* WORK INSTRUCTION
Can you transcribe the data exactly? Leave the pictures out.

* THE DATA
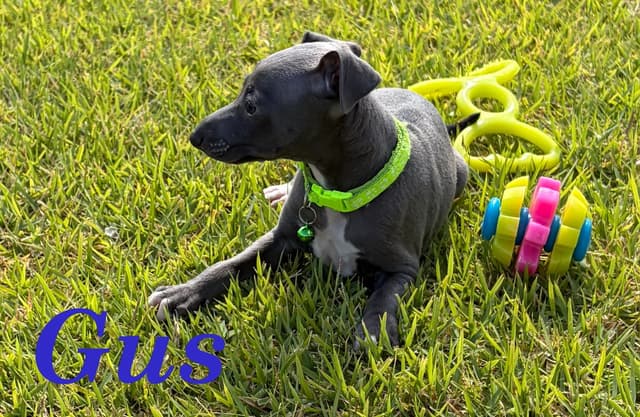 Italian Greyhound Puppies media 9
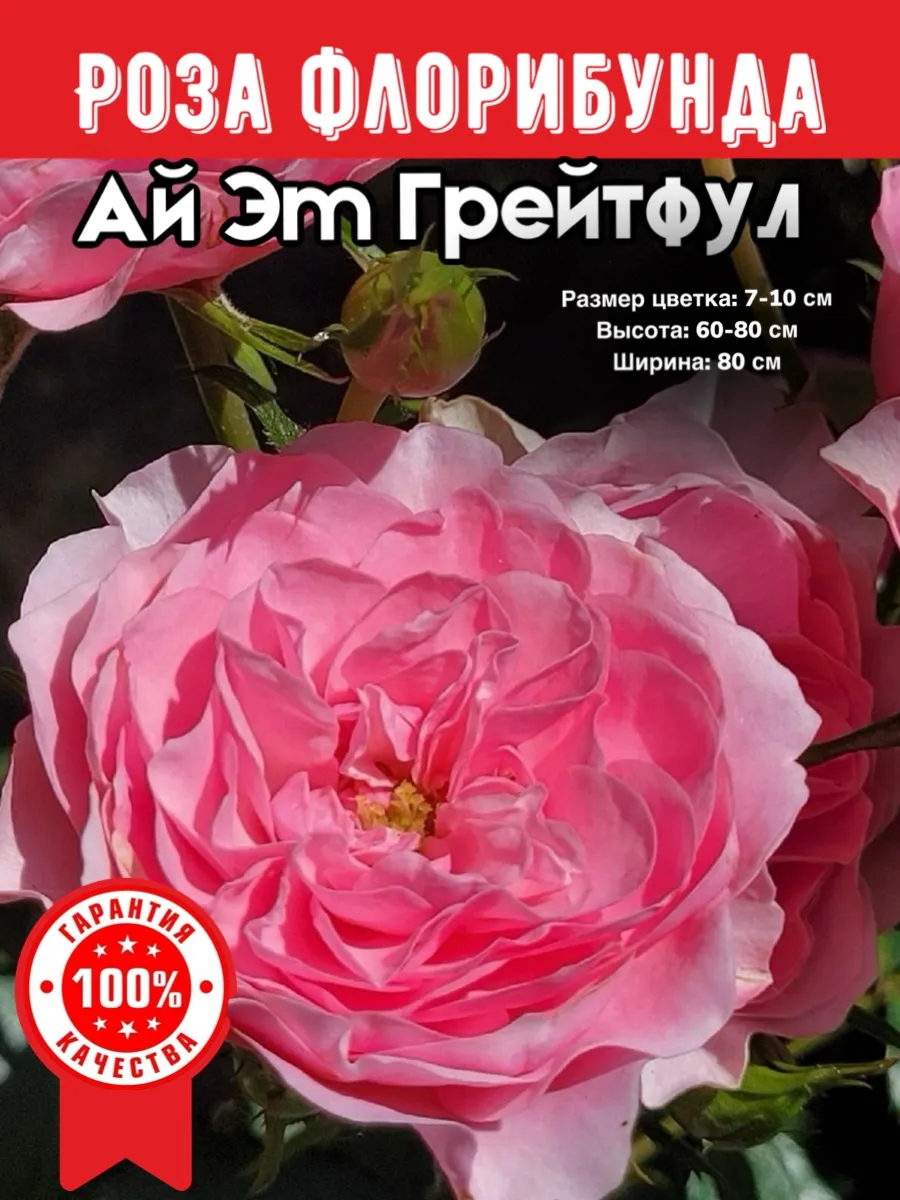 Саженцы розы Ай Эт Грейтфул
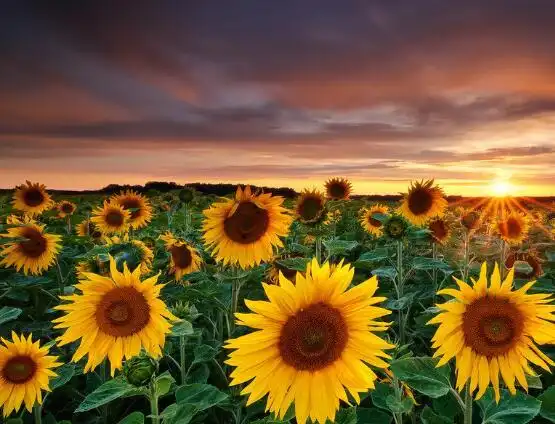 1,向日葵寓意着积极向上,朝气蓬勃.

* EXERCISE RESULT
 Italian Greyhound Puppies media 9
 Саженцы розы Ай Эт Грейтфул
 1,向日葵寓意着积极向上,朝气蓬勃.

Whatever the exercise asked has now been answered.